En ce qui concerne l’obligation de quitter le territoire français et la décision fixant le pays de destination :
— il n’est pas établi que les décisions attaquées aient été signées par une autorité compétente ;
— elles sont entachées d’une erreur manifeste d’appréciation quant à leurs conséquences sur sa situation ;
— elles sont illégales en raison de l’illégalité de la décision lui refusant la délivrance d’un titre de séjour.
Par un mémoire en défense, enregistré le 7 février 2024, le préfet de la Loire-Atlantique conclut au rejet de la requête.
Il soutient que les moyens soulevés par M. C ne sont pas fondés.
Vu les autres pièces du dossier.
Vu :
— la convention européenne de sauvegarde des droits de l’homme et des libertés fondamentales ;
— l’accord du 17 mars 1988 entre le Gouvernement de la République française et le Gouvernement de la République de Tunisie en matière de séjour et de travail ;
— le code de l’entrée et du séjour des étrangers et du droit d’asile ;
— le code de justice administrative.
Le président de la formation de jugement a dispensé la rapporteure publique, sur sa proposition, de prononcer des conclusions à l’audience.
Les parties ont été régulièrement averties du jour de l’audience.
Le rapport de M. Huet a été entendu au cours de l’audience publique.
Considérant ce qui suit :
1. Par un arrêté du 28 mars 2018, le préfet de la Loire-Atlantique avait fait obligation à M. C, ressortissant tunisien né en 1994, de quitter sans délai le territoire français. La requête dirigée par l’intéressé contre cette décision a été rejetée par un jugement du tribunal administratif de Nantes du 12 juin 2018. S’étant néanmoins maintenu en France, M. C s’y est marié le 8 juin 2019 avec une ressortissante française. Il a quitté le territoire français le 24 septembre 2019. Il y est entré à nouveau le 17 février 2020, muni d’un passeport en cours de validité revêtu d’un visa de long séjour valant carte de séjour temporaire portant la mention « vie privée et familiale » du 12 février 2020 au 12 février 2021. Par un arrêté du 26 août 2021, le préfet de la Loire-Atlantique lui a refusé le renouvellement de ce titre de séjour et a assorti ce refus d’une obligation de quitter le territoire français dans un délai de départ volontaire de trente jours. Le recours formé par l’intéressé contre cette décision a été rejeté par un jugement du tribunal administratif de Nantes du 28 juin 2022 puis par une ordonnance de la cour administrative d’appel de Nantes du 29 juin 2023. S’étant néanmoins maintenu en France, M. C a sollicité la délivrance d’un titre de séjour sur le fondement des articles 3 de l’accord franco-tunisien susvisé et L. 423-23 et L. 435-1 du code de l’entrée et du séjour des étrangers et du droit d’asile. Par un arrêté du 21 novembre 2023, le préfet de la Loire-Atlantique a rejeté sa demande, lui a fait obligation de quitter le territoire français dans un délai de trente jours et a fixé le pays à destination duquel il pourra être reconduit d’office à l’issue de ce délai. Par la présente requête, M. C demande l’annulation de cet arrêté.

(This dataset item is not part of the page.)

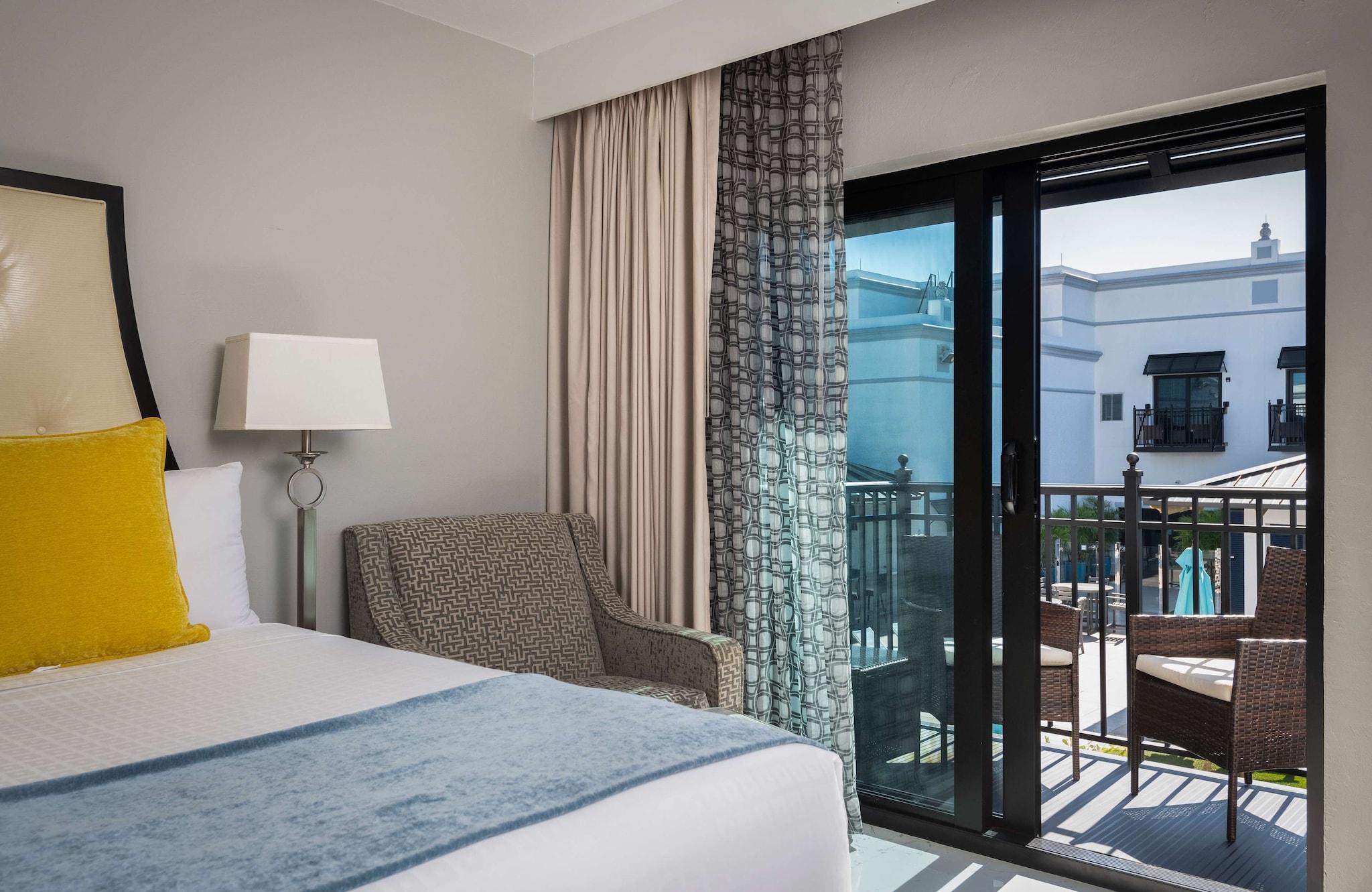 Double Deluxe Pool View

Sur le moyen commun aux décisions attaquées :
2. L’arrêté attaqué a été signé par M. F B, adjoint à la directrice des migrations et de l’intégration de la préfecture de la Loire-Atlantique. Par un arrêté du 30 janvier 2023, régulièrement publié au recueil des actes administratifs de la préfecture du même jour, le préfet de ce département a donné délégation à l’adjoint à la directrice des migrations et de l’intégration à l’effet de signer notamment les décisions portant refus de titre de séjour assorties de décisions portant obligation de quitter le territoire français, fixation du pays de renvoi et fixation du délai de départ, en cas d’absence ou d’empêchement de la directrice des migrations et de l’intégration, dont il n’est pas établi qu’elle n’aurait pas été absente ou empêchée à la date de l’arrêté en cause. Par suite, le moyen tiré de l’incompétence du signataire de cet acte doit être écarté.
Sur la légalité de la décision portant refus de titre de séjour :
3. En premier lieu, l’article 3 de l’accord franco-tunisien du 17 mars 1988 en matière de séjour et de travail stipule que : « Les ressortissants tunisiens désireux d’exercer une activité professionnelle salariée en France, pour une durée d’un an au minimum, et qui ne relèvent pas des dispositions de l’article 1er du présent accord, reçoivent, après contrôle médical et sur présentation d’un contrat de travail visé par les autorités compétentes, un titre de séjour valable un an renouvelable et portant la mention ''salarié'' ».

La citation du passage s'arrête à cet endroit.